Çevre, Şehir ve İklim Değişikliği Bakanlığı, Dışişleri Bakanlığı’nın Ankara'daki 120 dönümlük arsasını imara açıyor!
Ankara Çiğdem Mahallesi’ndeki 120 dönümlük arsa için hazırlanan imar planı tepkilere neden oldu. Mahalle sakinleri ise yeşilin korunmasını isteyip, planın iptali için imza kampanyası başlattı ve eylem yaptı.
Çevre, Şehir ve İklim Değişikliği Bakanlığı, Çevre Bakanlığı, Dışişleri Bakanlığı’nın arazisinin imarsa açılması için göz dikmiş durumda. Ankara’nın yeşil kalmış son alanlarından biri olan Çiğdem Mahallesi’ndeki 120 bin metrekare büyüklüğe sahip Dışişleri Bakanlığı arazisi rant uğruna imara açılmaya çalışılıyor.

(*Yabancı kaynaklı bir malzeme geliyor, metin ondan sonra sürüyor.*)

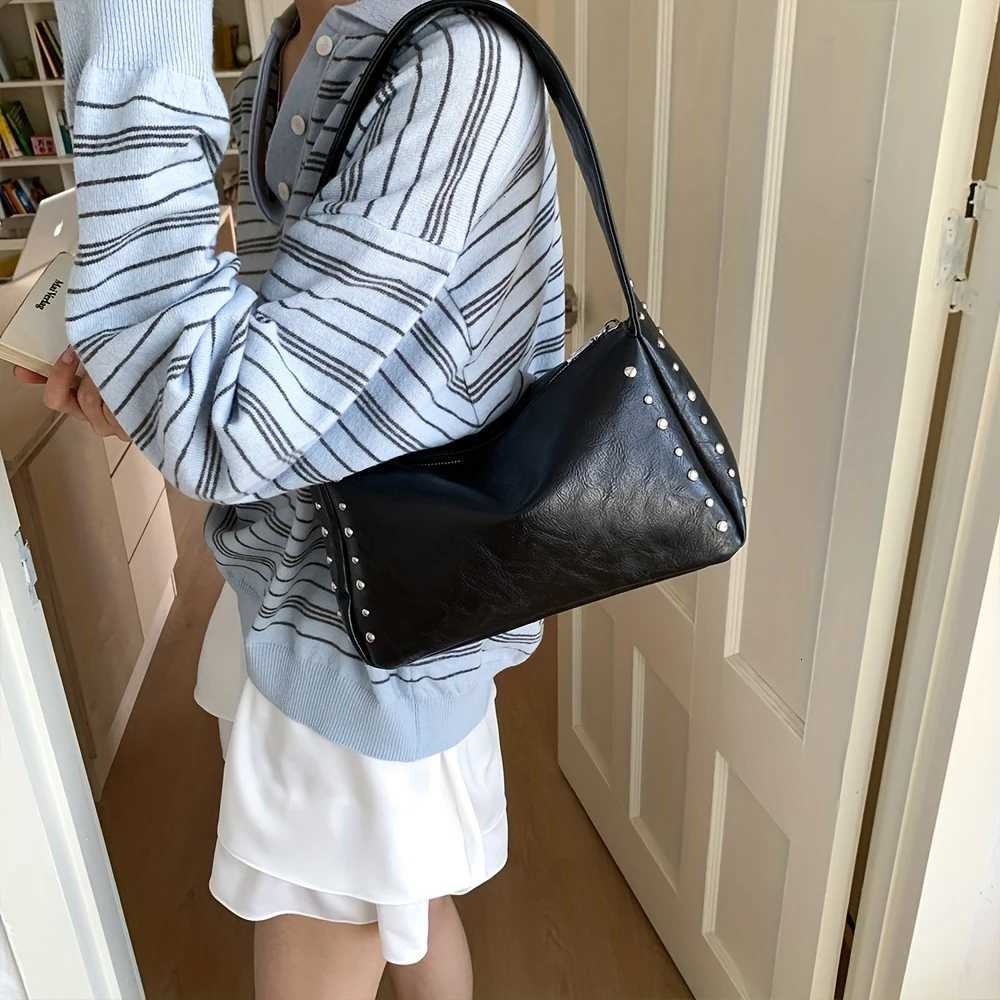 Small Bag Womens Summer Versatile 2025 New Fashion Single Shoulder Underarm Bag Niche Design Pillow Bag Z250903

“Yeşilime Dokunma Platformu” ismiyle bir araya gelen Çiğdem Mahallesi sakinleri ise yeşil alanın korunması amacıyla eylem gerçekleştirdi.
Sözcü'den Yavuz Alatan'ın haberine göre; vatandaşlar, “Betona Hayır, Yeşile Evet”, “Küresel Düşün, Yerel Hareket Et”, “Ankara Ankara Güzel Ankara, Yeşili Giderse Olur Kapkara” pankartlarını açtı.
İMAR PLANI ASKIYA ÇIKTI
Platform adına gerçekleştirilen açıklamada "120 bin metrekare olan alan önce Cumhurbaşkanlığı Kararnamesiyle özelleştirme çerçevesine alındı. Şu anda da alana Çevre, Şehir ve İklim Değişikliği Bakanlığı tarafından hazırlanan imar planı askıya çıkarıldı. Büyük bir bölümü 30-40 senelik sedir, badem ve karaçam ağaçlarıyla kaplı olan alanda canlı popülasyonu ile tam bir habitat oluştu. Şimdi bu planın uygulanması durumunda hepsi yok olacak" ifadelerine yer verildi.
Ankara’nın en işlek ana arterleri üzerinde yer alan arazideki yapılaşma ile kent içi ulaşımın olumsuz etkileneceği, egzoz ve gürültü kirliliğinin de artacağına dikkat çekildi.
Yeşilime Dokunma Platformu ve mahalle sakinleri, imar planının iptalini ve arazinin yeşil kalmasını talep ettiler. Eylem yapan mahalle sakinleri planın iptal edilmesi için imza kampanyası da başlattı.
Bunların yanı sıra Hazine ve Maliye Bakanlığı, kamu iktisadi teşebbüslerinde özelleştirme iddialarına ilişkin geçtiğimiz günlerde bir açıklama yaptı.
Söz konusu açıklamada, 19 kamu iktisadi teşebbüsünün (KİT) hazırlanan bir kanun taslağı yoluyla özelleştirileceği ve yabancı sermayeye satılacağı veya kapatılacağı iddialarının hiçbir şekilde gerçeği yansıtmadığına dikkat çekildi.
Açıklamada taslak aşamasında olan düzenlemeler ile KİT’lerin daha etkin ve verimli çalışmaları ve kurumsallıklarını artırmalarının hedeflendiğinin altı çizildi.